The first week of visits by the county health officer to rural schools has brought pleasant surprises to the official. Dr. Collins reports elsewhere in The News Sunday that he has been everywhere greeted with cordial favor, that parents of children have met him and the health nurse at the school houses and indicated unusual interest in the undertaking and that the whole county seems peculiarly wide awake to the importance of this endeavour.
Such shows the remarkable translation in public thought that has taken place only within a few years. Just a little while ago such a work as Dr. Collins and dr. McPhaul are doing would have been frowned upon, if not actually resisted. People didn’t think the State had any right to usurp the homes of the people and invade the territory of the family physician. Such relations were, more or less, revered and sacred and held to be inviolate, especially in rural regions where such relationships were more keenly developed than in the cities.
Now, however, the people are giving great welcome to the public effort being made to better health conditions; they want their children to share in the benefaction; they are insisting that what is being done at some one place be done also for them.

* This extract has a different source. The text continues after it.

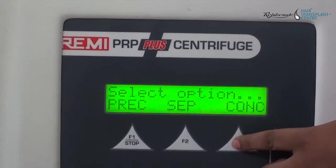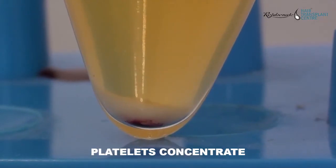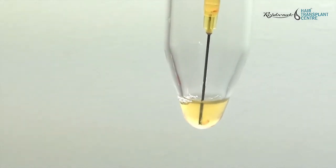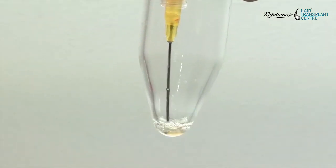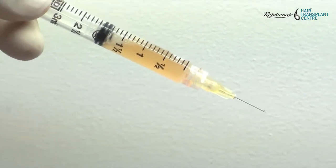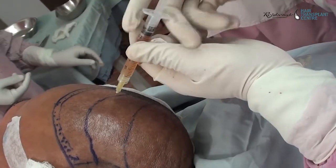The glass tube is centrifuged again to make platelet concentrate at 5000 rpm for 8 minutes. The platelet concentrate forms a plug sitting at the bottom of the tube. PRP is then prepared by mixing the platelets in only 2 to 3 ml of plasma.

This, after all, is the hopeful aspect of the development. The State would never come to maximum efficiency in its prevention movements should the people not respond readily to its attempts Their co-operation is basic to success and their interest in such undertakings will make the movement a great victory for public health, for sturdier manhood and womanhood and for the prolongation of the life of those now falling within the scope of these beneficial activities of the government.